About this task> Leaving out the pictures, return word for word the stretch of entries below from the line holding "We developed one" through the line holding "To better understand".

Records>
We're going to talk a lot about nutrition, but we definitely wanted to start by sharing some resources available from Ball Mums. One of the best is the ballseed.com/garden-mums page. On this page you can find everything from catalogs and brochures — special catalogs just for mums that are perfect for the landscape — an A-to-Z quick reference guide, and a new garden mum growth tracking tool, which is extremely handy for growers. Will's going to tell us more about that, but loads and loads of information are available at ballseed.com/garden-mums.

---

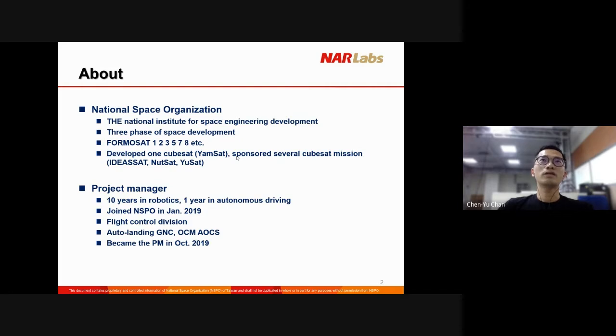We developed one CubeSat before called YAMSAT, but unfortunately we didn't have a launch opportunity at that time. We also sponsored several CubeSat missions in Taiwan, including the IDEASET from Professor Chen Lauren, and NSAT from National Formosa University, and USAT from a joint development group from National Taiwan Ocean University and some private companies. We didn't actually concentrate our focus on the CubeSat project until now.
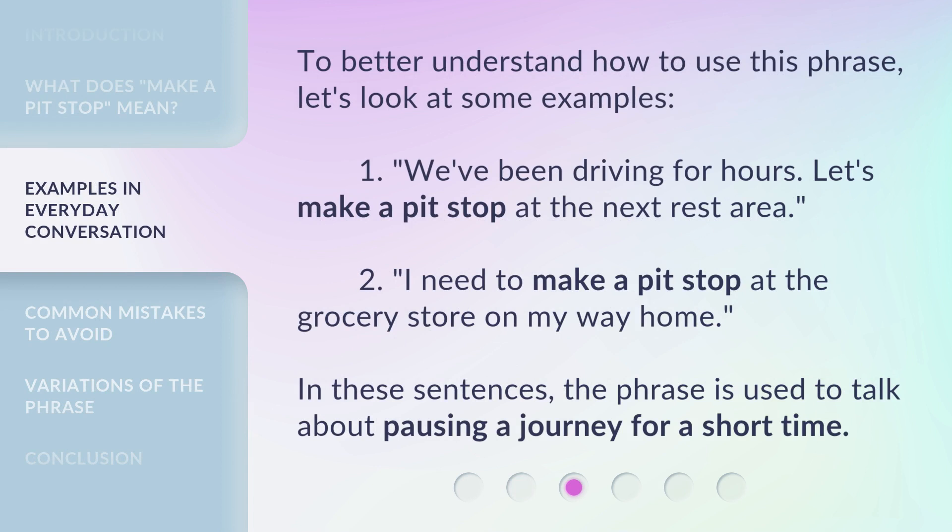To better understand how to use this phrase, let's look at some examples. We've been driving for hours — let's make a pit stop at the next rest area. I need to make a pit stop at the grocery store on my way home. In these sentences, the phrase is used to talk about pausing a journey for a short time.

The completed task>
We developed one CubeSat before called YAMSAT, but unfortunately we didn't have a launch opportunity at that time. We also sponsored several CubeSat missions in Taiwan, including the IDEASET from Professor Chen Lauren, and NSAT from National Formosa University, and USAT from a joint development group from National Taiwan Ocean University and some private companies. We didn't actually concentrate our focus on the CubeSat project until now.
To better understand how to use this phrase, let's look at some examples. We've been driving for hours — let's make a pit stop at the next rest area. I need to make a pit stop at the grocery store on my way home. In these sentences, the phrase is used to talk about pausing a journey for a short time.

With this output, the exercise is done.